| What you should do |
Could you retype all of the records exactly, leaving out every picture?

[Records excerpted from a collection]
########################################

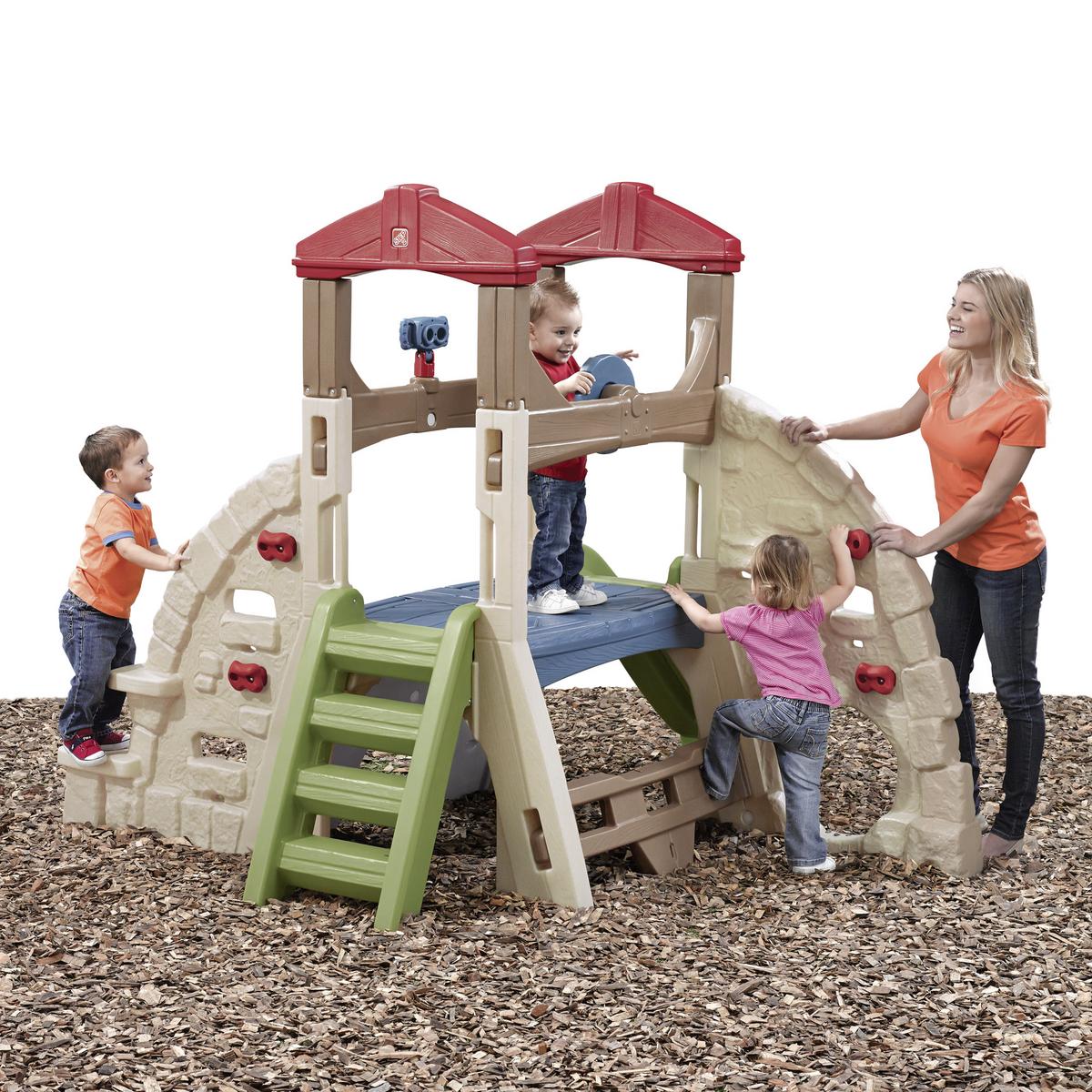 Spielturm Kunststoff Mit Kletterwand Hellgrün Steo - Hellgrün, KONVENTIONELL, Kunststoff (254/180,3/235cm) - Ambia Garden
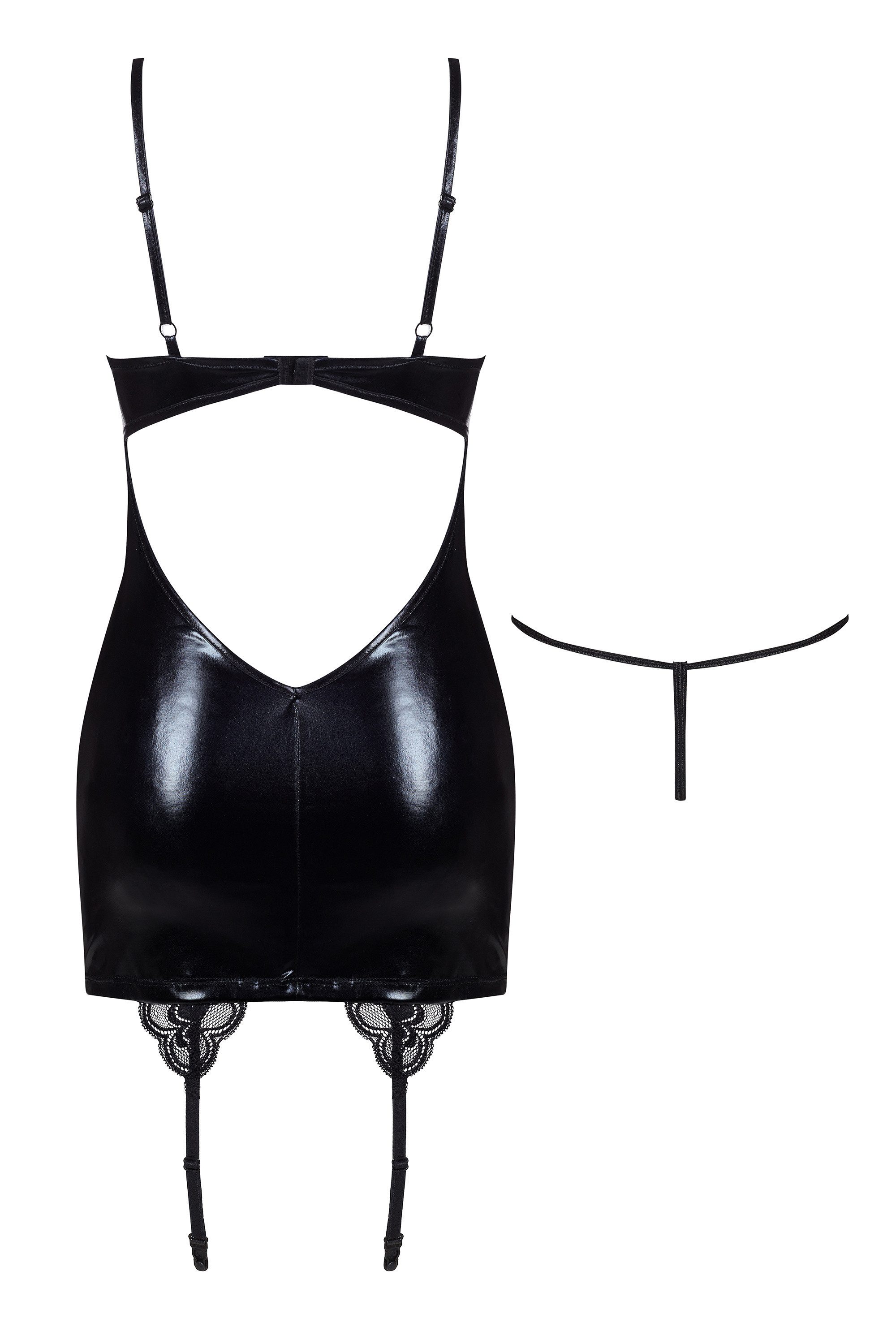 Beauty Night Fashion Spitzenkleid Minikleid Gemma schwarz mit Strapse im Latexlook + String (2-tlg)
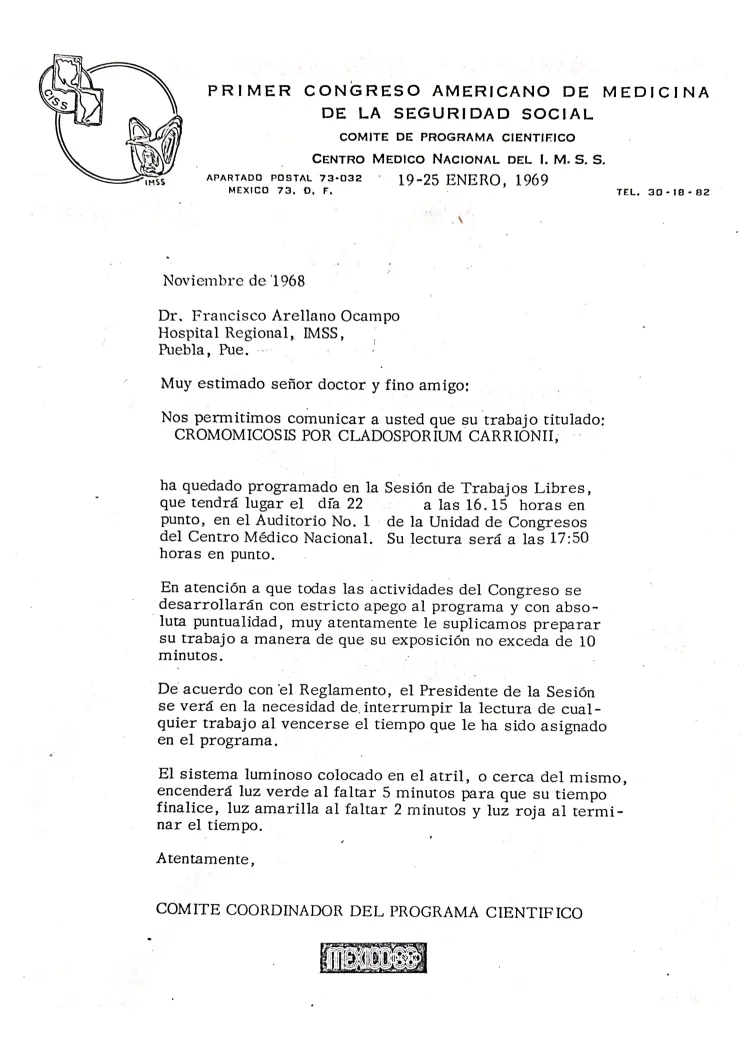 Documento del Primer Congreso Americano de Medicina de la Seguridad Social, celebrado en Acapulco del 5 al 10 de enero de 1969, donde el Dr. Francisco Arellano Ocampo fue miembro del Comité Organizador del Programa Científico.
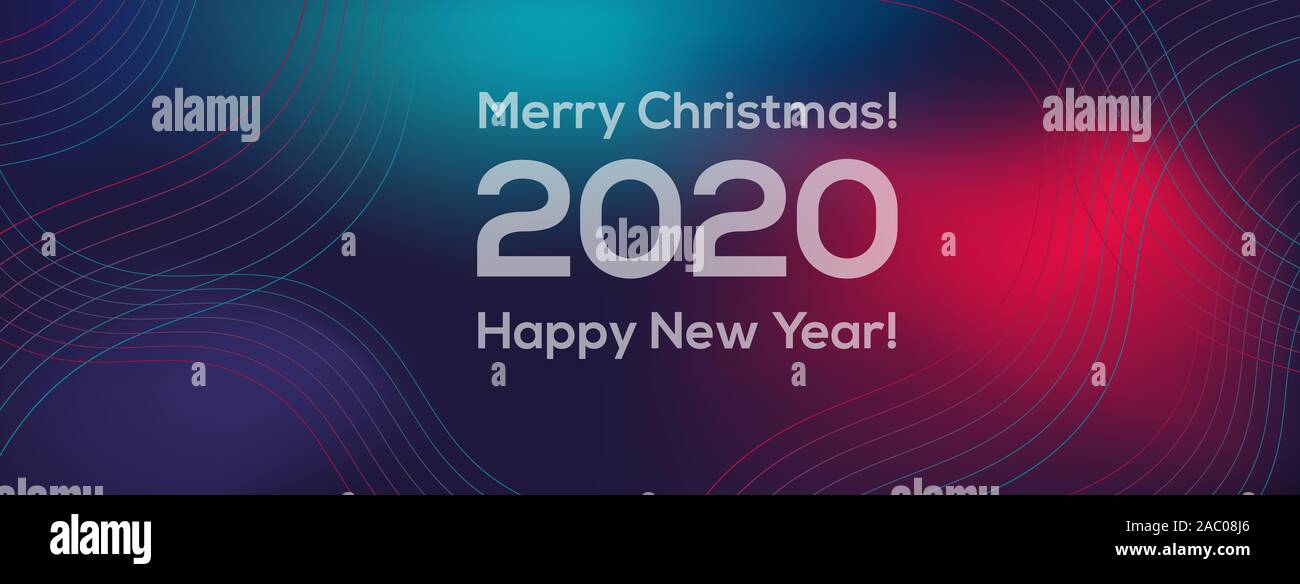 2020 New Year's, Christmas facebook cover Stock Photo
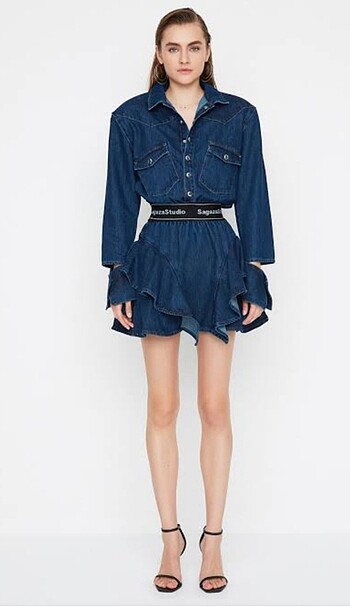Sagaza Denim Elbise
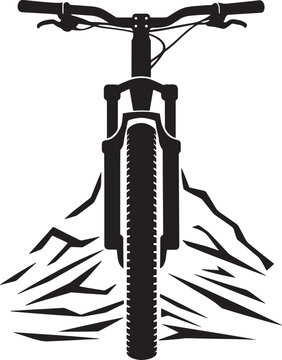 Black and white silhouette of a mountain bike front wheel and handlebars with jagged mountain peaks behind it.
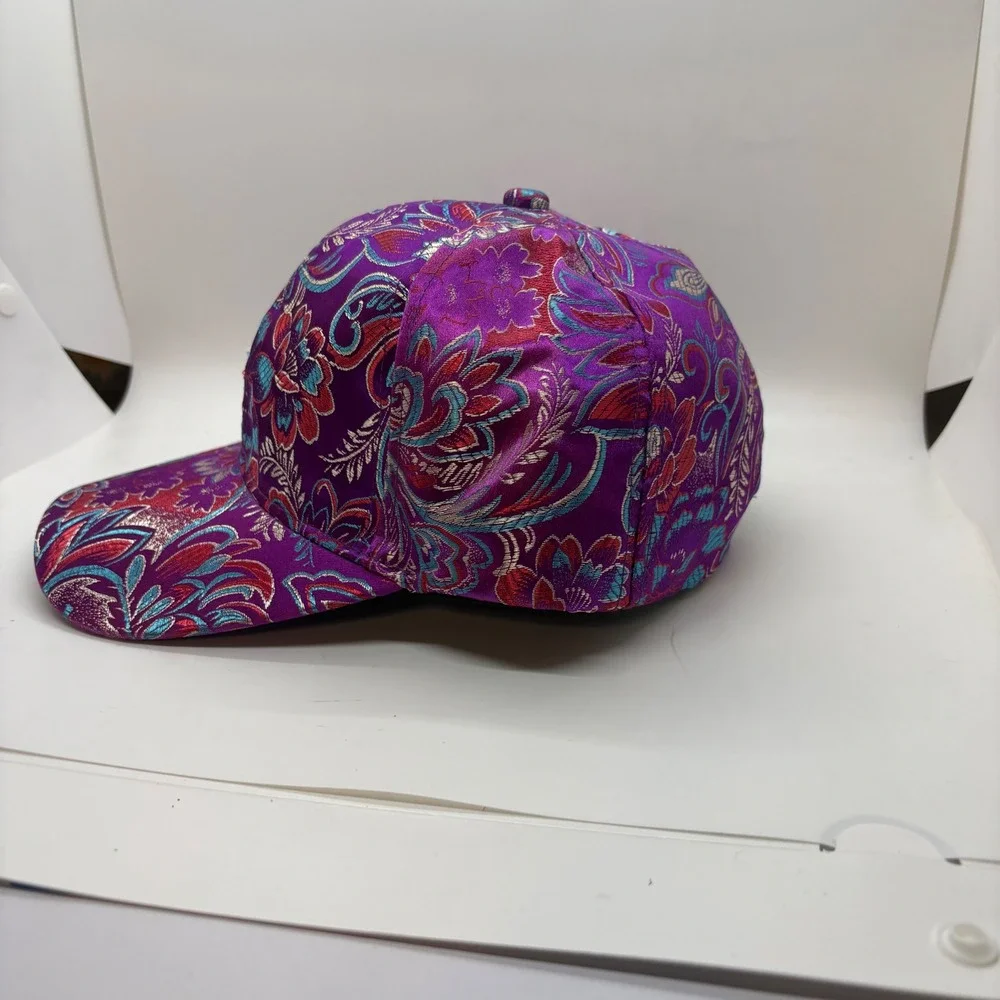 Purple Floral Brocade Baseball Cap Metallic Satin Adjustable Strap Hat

########################################

| Response |
 Spielturm Kunststoff Mit Kletterwand Hellgrün Steo - Hellgrün, KONVENTIONELL, Kunststoff (254/180,3/235cm) - Ambia Garden
 Beauty Night Fashion Spitzenkleid Minikleid Gemma schwarz mit Strapse im Latexlook + String (2-tlg)
 Documento del Primer Congreso Americano de Medicina de la Seguridad Social, celebrado en Acapulco del 5 al 10 de enero de 1969, donde el Dr. Francisco Arellano Ocampo fue miembro del Comité Organizador del Programa Científico.
 2020 New Year's, Christmas facebook cover Stock Photo
Sagaza Denim Elbise
 Black and white silhouette of a mountain bike front wheel and handlebars with jagged mountain peaks behind it.
 Purple Floral Brocade Baseball Cap Metallic Satin Adjustable Strap Hat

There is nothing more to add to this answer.